Assignment:
Only one span of the material below is wanted. Output it exactly, from the line with "Chloé One-piece Swimsuit" through the line with "Ubtan Foaming Face", without any pictures.

Source material:
>>>>

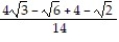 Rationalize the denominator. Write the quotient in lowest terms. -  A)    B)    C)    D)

<<<<
>>>>

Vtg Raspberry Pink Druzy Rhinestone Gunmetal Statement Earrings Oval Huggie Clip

<<<<
>>>>

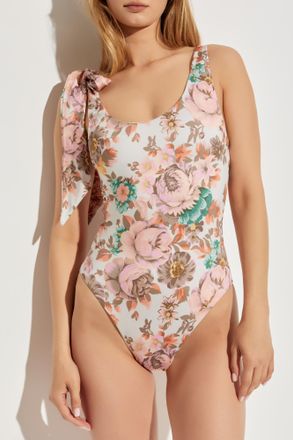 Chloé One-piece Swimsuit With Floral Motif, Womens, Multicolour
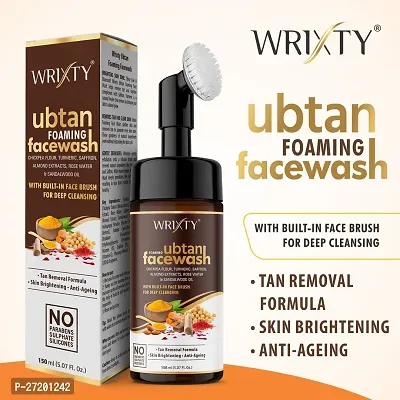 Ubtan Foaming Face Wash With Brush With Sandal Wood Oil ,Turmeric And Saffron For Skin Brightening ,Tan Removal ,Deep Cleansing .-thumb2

<<<<

Written answer:
 Chloé One-piece Swimsuit With Floral Motif, Womens, Multicolour
 Ubtan Foaming Face Wash With Brush With Sandal Wood Oil ,Turmeric And Saffron For Skin Brightening ,Tan Removal ,Deep Cleansing .-thumb2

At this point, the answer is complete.